Plans to rebuild two intersections along the Fairfax County Parkway at Fair Lakes Parkway and Monument Drive--adding ramps and interchanges--fail to make pedestrians or bicyclists welcome.

VDOT is planning to rebuild the intersections of the Fairfax County Parkway at Monument Drive and Fair Lakes Parkway (map). They will eliminate the intersections, replacing them with bridges and ramps. The detailed plan is available here (pdf, 9.3M). Robert Thompson discussed this project in an article in the Washington Post on Saturday, and details can also be found on the VDOT web site. It includes this language: "Shared-use paths and sidewalks will enhance pedestrian access at the interchange and to the Rocky Run Stream Valley Park trail system." Since I am not personally familiar with this area, it may be true that they are improving the current situation, but that would only be because it must be really bad now.

Although sidewalks and shared use paths are included in the project, this will be a dauntingly scary place to be either a cyclist or pedestrian. This is obvious from the artist's rendering of the project, in which it is virtually impossible to make out any pedestrian or bicycle infrastructure. The artist's rendering nicely details traffic flows, lanes and other automobile-related details. One can make out some sidewalks, but it's not at all clear how they are supposed to connect or how one could safely use them. The buildings in the lower left in the rendering are currently a Residence Inn. There is an office building shown on the lower right that one could probably hit with a golf ball from the Residence Inn. Although one could ostensibly walk from one to the other, it seems that the Fairfax County planners have not given much thought to actually making that a feasible option.

Looking at the detailed pdf graphic, it appears that pedestrians will be required to cross at least three slip lanes (one of them an acceleration slip lane) with no signals. They will also be required to walk under a 6-lane wide bridge next to eight lanes of traffic--a rather unpleasant experience one can imagine.

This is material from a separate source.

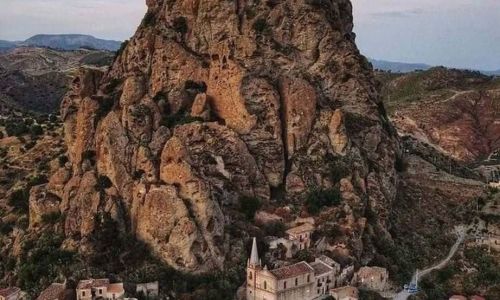 Pentedattilo.min cfa6661d 8eb069ee - Meraviglie di Calabria - 10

It's understood that VDOT is trying to make the Fairfax County Parkway more and more of a limited-access highway, and their goal is to move more cars at higher speeds and greater capacity than before--for better or worse. However, it's large projects like these that provide an opportunity to think more creatively about accommodating all modes. Particularly as bicycling is growing in popularity, it is important to create easier and safer ways of crossing barriers like these.